Surrealism in the Spotlight
Morphologie Psychologique de l’Attente (1938) is one of the first works on canvas painted by Matta just a few months after he discovered painting. It sows the seed for the plastic innovations which, a few years later in the United States, would lead him to influence a whole generation of artists, including Robert Motherwell and Jackson Pollock. This poetic work is one of the ‘visionary paintings’ vaunted by its first owner Gordon Onslow-Ford (est. €800,000-1,200,000 / $1,020,000-1,530,000).
Réunion d’Insectes, with its swarm of giant insects, dates from André Masson’s stay in Spain between 1934-36 (est. €500,000-700,000 / $637,000-892,000). Its eye-catching colours fail to hide an underlying menace.
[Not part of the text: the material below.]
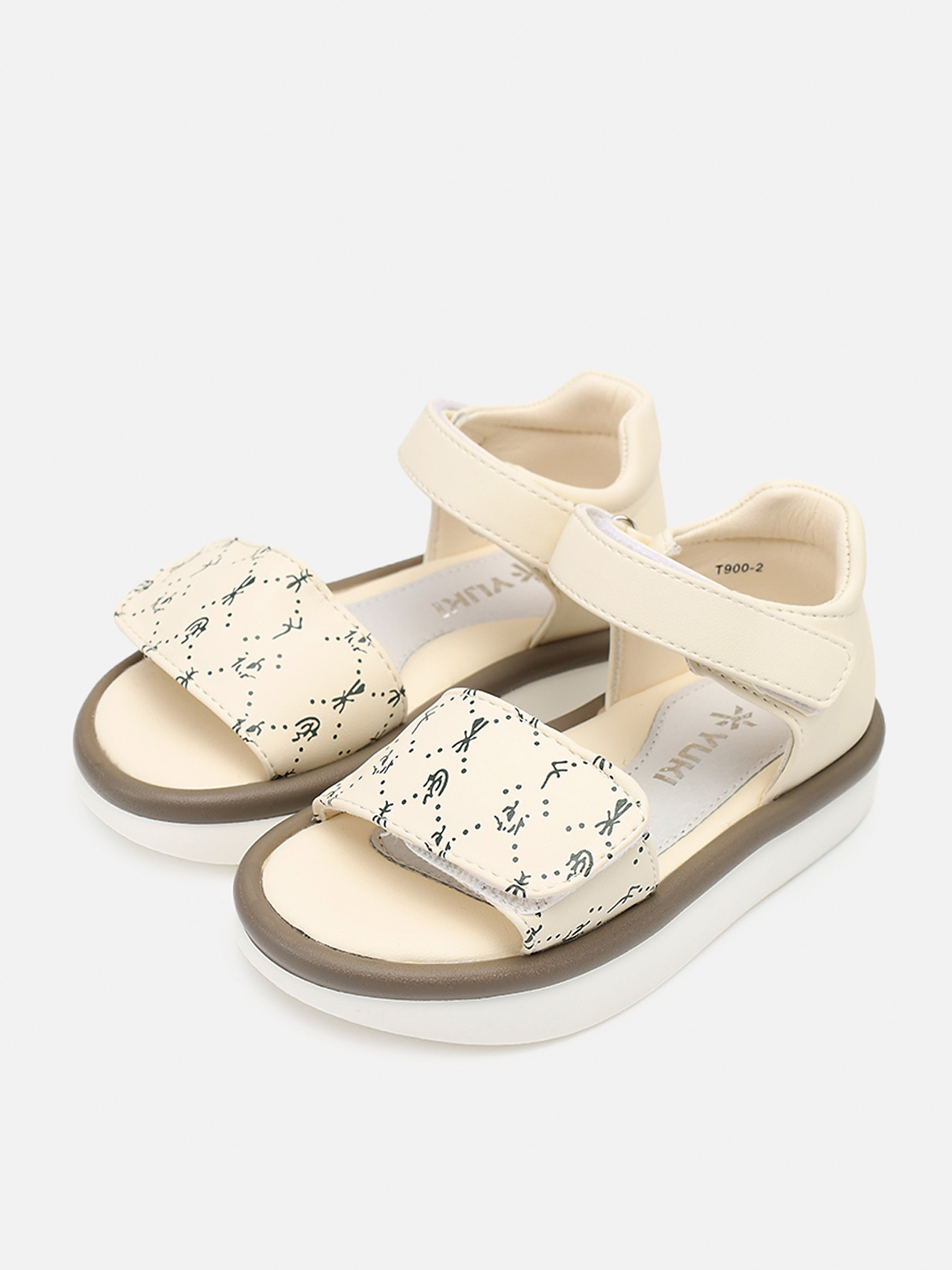 Сандалії YUKI модель ЦБ-00266919 Фото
Max Ernst is represented by two works from the 1960s: La Terre à travers les âges from 1961 (est. €180,000-250,000 / $229,000-319,000) and Sternbild II from 1967 (est. €200,000-300,000 / $255,000-382,000).
Yves Tanguy’s mineral landscape Le Plan des Sources (1929) was inspired by memories of his childhood in Brittany and youthful stint in the Merchant Navy (est. €300,000-500,000 / $382,000-637,000).
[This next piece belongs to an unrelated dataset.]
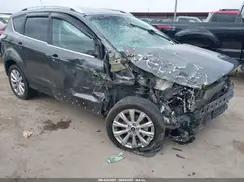 FORD ESCAPE
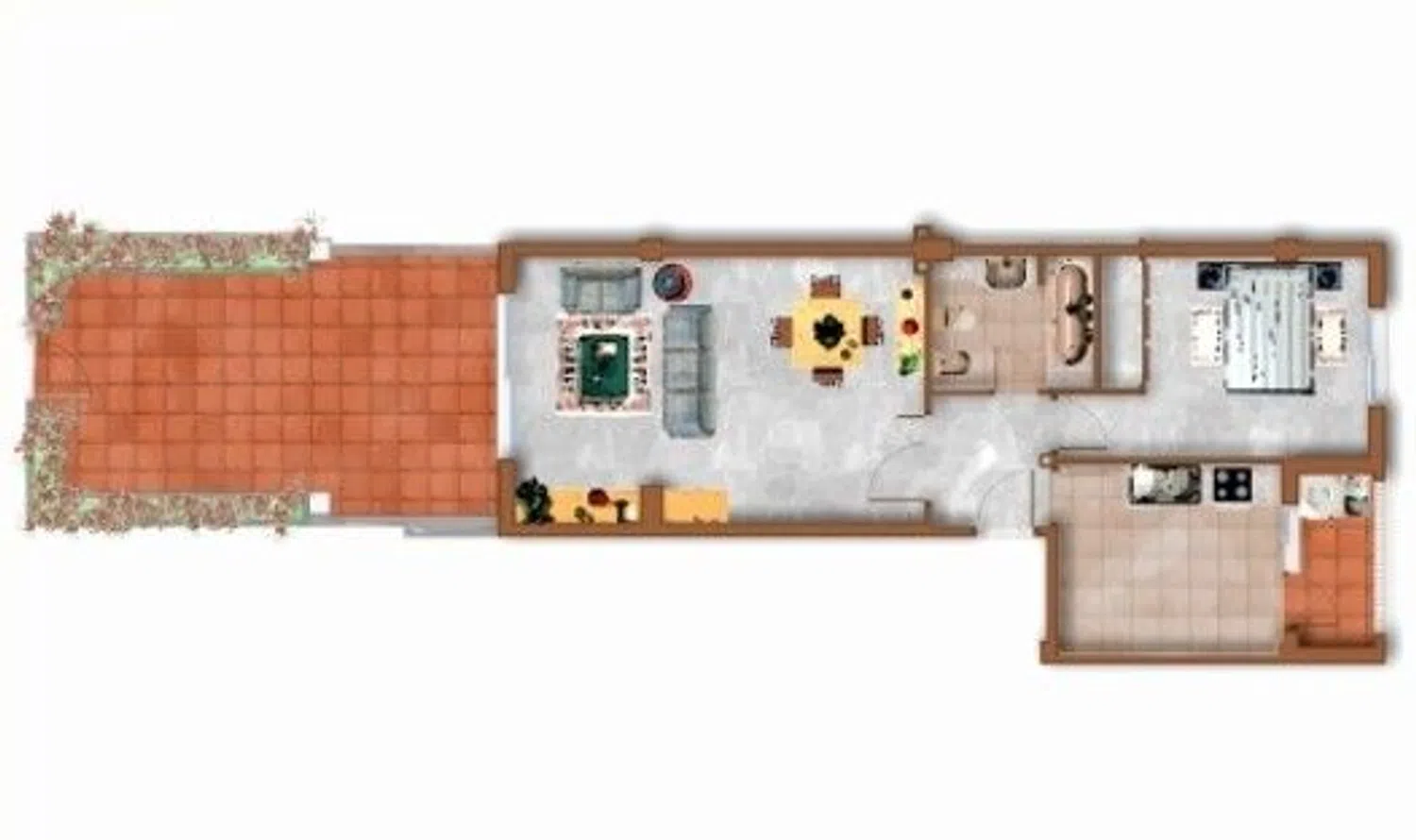 Piso en camino del Pinar, 18 - Foto 12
Femme Accroupie (1942) combines all the elements typical of Francis Picabia’s work during World War II. This crouching nude seems both modest yet intensely sensual. The painting is inspired by photographs from 1930s girlie magazines which Picabia liked to copy, modify, retouch, complete and transform, so as to accentuate or divert their meaning (est. €300,000-400,000 / $382,000-510,000).
The section also includes a Marcel Duchamp ready-made, Apolinère Enameled (1916/17) – a humorous homage to the famous poet, and the last of the edition still in private hands (est. €350,000-500,000 / $446,000-637,000); one of the earliest major works by René Magritte, Métaphore (1923), reflecting the influence of De Chirico (est. €300,000-400,000 / $382,000-510,000); and a superb ink drawing by Man Ray, La Mort Inutile II (1937), portraying Lee Miller (est. €120,000-180,000 / $153,000-230,000).
Henri Matisse: Themes & Variations
Three remarkable drawings from Henri Matisse’s 1941 Themes & Variations, with their expressive and innovative outlines, are the fruit of a method which the artist called ‘libre jaillissement.’ Matisse was aiming to show that the apparent facility of his drawings was misleading – and that a long interior process was needed before he could produce his ‘instantaneous improvisations.’ This remarkable ensemble of three successive variations from a single series – preserved as a triptych and never separated – was given by Matisse to Suzanne Schiff-Wertheimer, the chef de service of the Ophthalmology Ward at the Quinze-Vingts Hospital in Paris who looked after him for many years (est. €700,000-1,000,000 / $892,000-1,275,000).
* estimates do not include buyer’s premium
Pablo Picasso: Femme et Jeune Garçon Nus, 1969. Estimate €2,000,000-3,000,000 / $2,550,000-3,825,000. Photo: Sotheby’s/ArtDigital Studio.